▶ EXERCISE DESCRIPTION:
Print the whole listing below exactly as given, pictures excluded.

▶ INPUT DATA:

━━━━━━━━━━━━━━━━━━━━━━━━━━━━━━

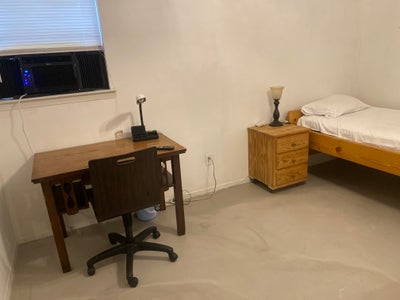 Room available for a single professional  Main Photo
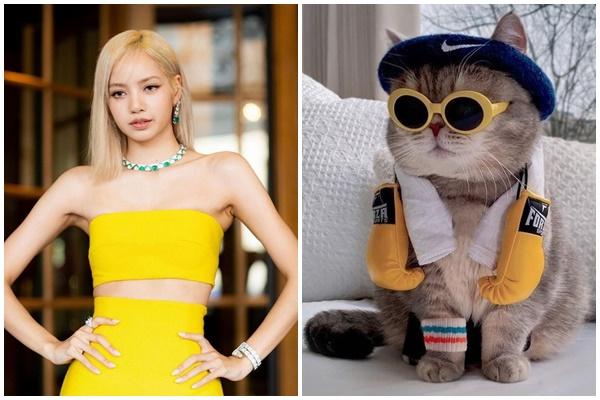 Độc thân càng lâu sự nghiệp càng thăng hoa, đó là tuổi nào?-4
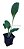 Kit 5 Mudas De Hortaliças Plantas Medicinais Monte Seu Kit - Imagem 7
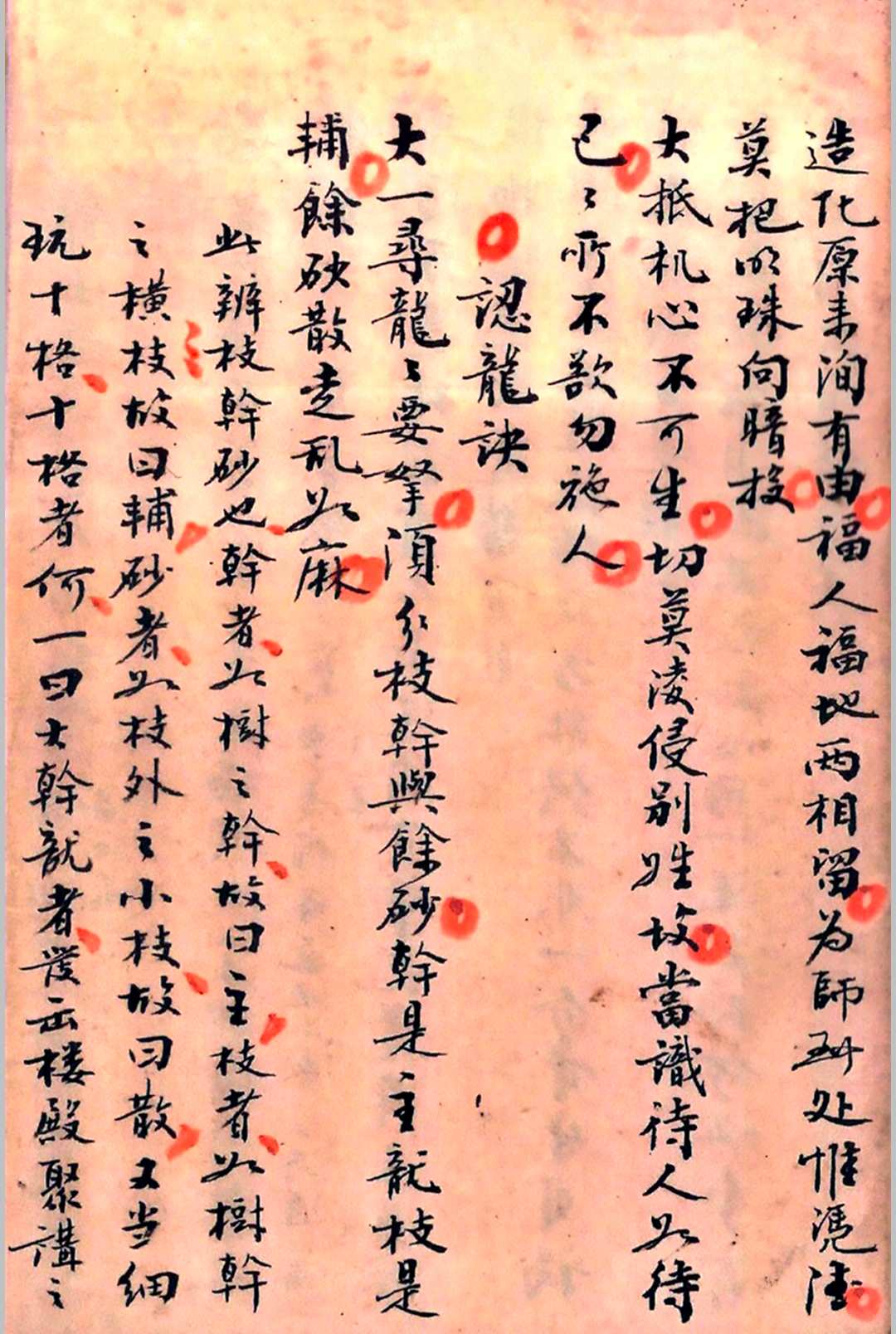 图片[4]-中华古籍网-专注古书收集埊理撮要-中华古籍网-专注古书收集中华古籍网-专注古书收集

━━━━━━━━━━━━━━━━━━━━━━━━━━━━━━

▶ RESULT OF THIS TASK:
 Room available for a single professional  Main Photo
 Độc thân càng lâu sự nghiệp càng thăng hoa, đó là tuổi nào?-4
 Kit 5 Mudas De Hortaliças Plantas Medicinais Monte Seu Kit - Imagem 7
 图片[4]-中华古籍网-专注古书收集埊理撮要-中华古籍网-专注古书收集中华古籍网-专注古书收集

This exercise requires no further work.